The Sugar Season

A Year in the Life
Of Maple Syrup, and
One Family’s Quest for
The Sweetest Harvest

By Douglas Whynott


This book is a must read for any modern maple enthusiast or producer of ten to ten thousand taps. Although it is the story of Bascom Maple Farm and Bruce Bascom’s rise to a giant in the industry, its scope is far greater. It is also a chronicle of the 2012 maple season. Coincidently the 2012 season was much like 2023 season. 2012 was a record early start for most, then short and unseasonably warm. It was over by the 3rd week of March after a week in the 70s F, culminating in a record high in Concord, NH of 81 F on March 20th. The Canadians fared a little better with the weather, but the total crop was still well short of average. And the 2012 culminated with the infamous Great Syrup Heist.

Titan might be a better description than giant for Bruce Bascom. Throughout the book we are only given glimpses of the size and reach of the Bascom operation. Just the numbers bandied about in the book give pause. $250,000 trailers of barrels in, out, in and out. A warehouse in Quebec on one page then shipping 25 tons of sugar packets to Japan…a month… on another. More trailers of barrels in and out. The sales during his April 2012 open house weekend, $250,000. Then watch out, more trailers. The USDA says only 2 million gallons were produced in the poor 2012 season in the US. And Bascom had just completed a new refrigerated cooler to hold 750,000 gallons of barrels, which sparked his famous quip, “I got all of Maine in my basement.”

Bascom and his family lieutenants were quintessential innovators. Early to dump buckets for tubing. Early to recognize the power of thinning maple groves. Early to use reverse osmosis. Early to boil with steam. And perhaps his greatest achievement, back to the roots of the industry, conquering the high volume production of maple sugar. His sugar machines purportedly heat low grade or even damaged syrup under vacuum, resulting in a lower boiling point thus less caramelization, and still producing great maple sugar.

But it was sales manager Coombs that really allowed the petal to hit the metal. Sprinkled over the book, like fine magic sugar, is the Bascom creed of locking in the demand and then worrying about the supply and its inherent cost. Running with the big conglomerate dogs means chain store shelf space, international sales and bulk ingredient sales, all in vast volumes and inherent headaches. Unfathomable volumes if you’re chucking wood into a 2X6. Yet everything is just another drop in the bucket for Coombs’ ability. There is no question Bascom is an ace commodity trader, but it was not 100% pure maple syrup speculation, he had contracts to fulfill. And in a worse case, there was always tapping the famed Strategic Reserve on the other side of the border, being only a question of price and the interest costs of holding inventory, gut wrenching as it might be.

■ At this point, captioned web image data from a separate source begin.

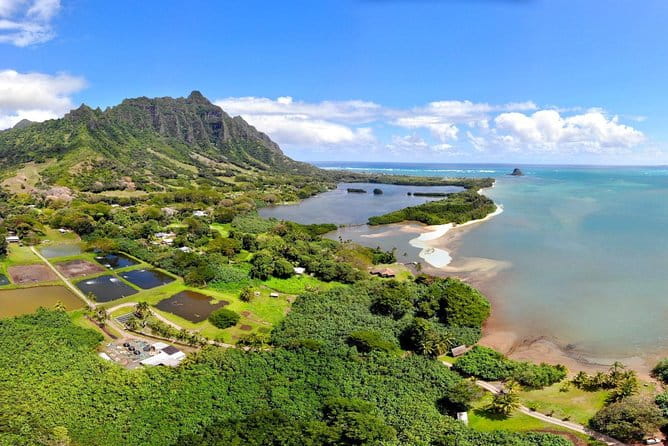 Oahu Island Full-Day Sightseeing Tour - Practical Considerations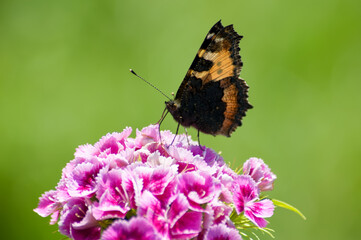 butterfly on flower
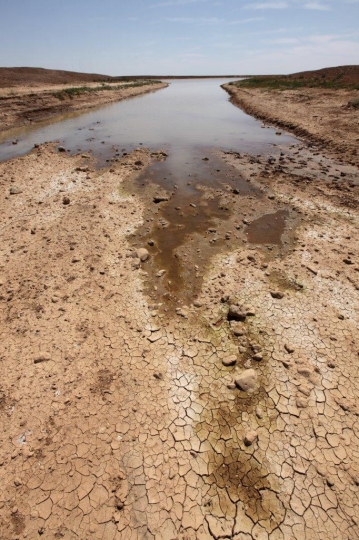 Eastern Badia Rain Water in Jo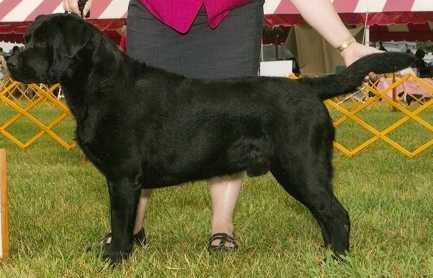 GCH CH Stonecrest Cabin's Moonraker Caper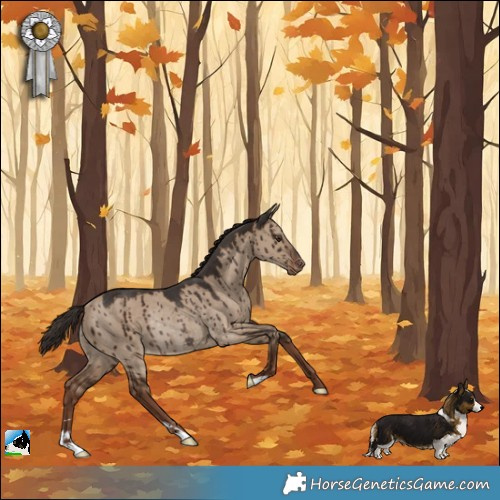 Horse Color:Liver Red Dun Appaloosa Rabicano Brindle 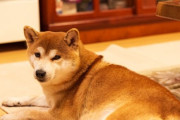 柴犬とかいう頭が悪く嫉妬深いくせにかわいがられるとすぐ懐く犬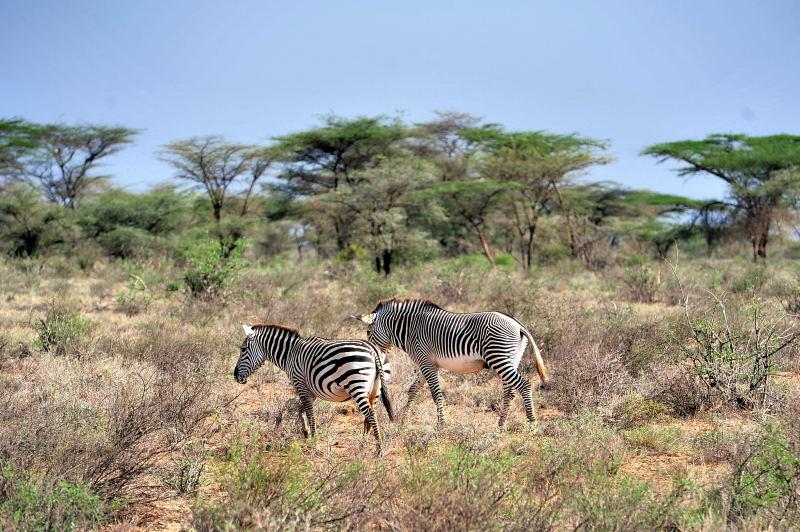 1782-肯亞-山布魯公園-斑馬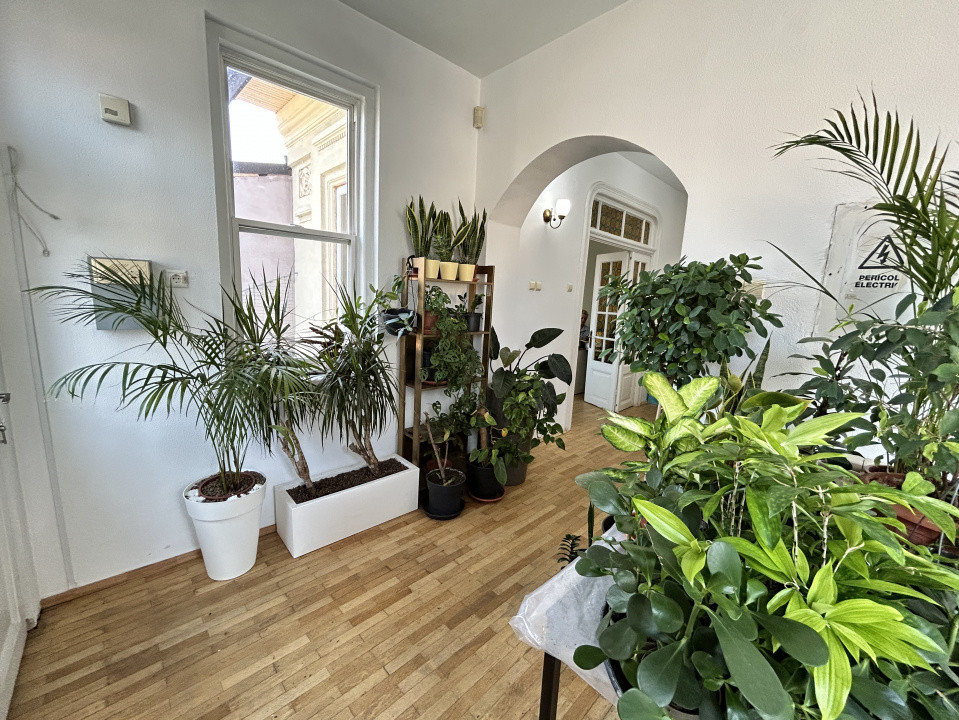 Spatii birouri de inchiriat Bucuresti Cantemir 3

The added bonus to this book is Whynott’s chronicles of his travels in Mapleland. Dozens of memorable characters and antidotes from both sides of the border. From Bascom’s neighbor and forester, Peter Rhodes, selling thousands of gallons of sap while still raw boiling hundreds in his family’s rustic sugarhouse, to the producers and buyers on Maine’s remote Gold Road, whose only access is through Canada.

Of course, there is a downside to all stories. None of the children are interested in succession. Sugar House Road is remote; no natural gas line, no sewer line, high NH electrical costs, poor road infrastructure, limited labor pool, but it does have a great view, south and west, of Vermont. However, in perspective, that horizon is so close, almost claustrophobic, when the market balloons to worldwide. And this is a story of an ancient maple season now 10 years before high brix. Extrapolate and fast forward to today.